Task to carry out →
The records must be repeated exactly and in their entirety.

- - -

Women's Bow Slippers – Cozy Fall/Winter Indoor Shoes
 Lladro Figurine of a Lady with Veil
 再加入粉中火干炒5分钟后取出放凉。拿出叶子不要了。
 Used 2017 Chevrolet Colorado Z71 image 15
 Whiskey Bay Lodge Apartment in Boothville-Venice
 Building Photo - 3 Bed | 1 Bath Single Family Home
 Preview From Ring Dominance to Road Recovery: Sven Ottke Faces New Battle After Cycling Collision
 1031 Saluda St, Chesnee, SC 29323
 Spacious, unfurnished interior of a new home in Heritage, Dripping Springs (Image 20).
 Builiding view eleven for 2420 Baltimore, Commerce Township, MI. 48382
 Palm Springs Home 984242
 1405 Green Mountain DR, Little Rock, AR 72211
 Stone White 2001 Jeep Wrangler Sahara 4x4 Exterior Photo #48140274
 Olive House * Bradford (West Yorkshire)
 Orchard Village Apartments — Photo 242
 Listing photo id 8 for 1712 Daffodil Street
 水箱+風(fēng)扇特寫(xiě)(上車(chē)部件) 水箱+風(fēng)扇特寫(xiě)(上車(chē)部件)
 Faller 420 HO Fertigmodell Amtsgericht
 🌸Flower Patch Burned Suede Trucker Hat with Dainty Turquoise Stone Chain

- - -

Answer to this exercise →
Women's Bow Slippers – Cozy Fall/Winter Indoor Shoes
 Lladro Figurine of a Lady with Veil
 再加入粉中火干炒5分钟后取出放凉。拿出叶子不要了。
 Used 2017 Chevrolet Colorado Z71 image 15
 Whiskey Bay Lodge Apartment in Boothville-Venice
 Building Photo - 3 Bed | 1 Bath Single Family Home
 Preview From Ring Dominance to Road Recovery: Sven Ottke Faces New Battle After Cycling Collision
 1031 Saluda St, Chesnee, SC 29323
 Spacious, unfurnished interior of a new home in Heritage, Dripping Springs (Image 20).
 Builiding view eleven for 2420 Baltimore, Commerce Township, MI. 48382
 Palm Springs Home 984242
 1405 Green Mountain DR, Little Rock, AR 72211
 Stone White 2001 Jeep Wrangler Sahara 4x4 Exterior Photo #48140274
 Olive House * Bradford (West Yorkshire)
 Orchard Village Apartments — Photo 242
 Listing photo id 8 for 1712 Daffodil Street
 水箱+風(fēng)扇特寫(xiě)(上車(chē)部件) 水箱+風(fēng)扇特寫(xiě)(上車(chē)部件)
 Faller 420 HO Fertigmodell Amtsgericht
 🌸Flower Patch Burned Suede Trucker Hat with Dainty Turquoise Stone Chain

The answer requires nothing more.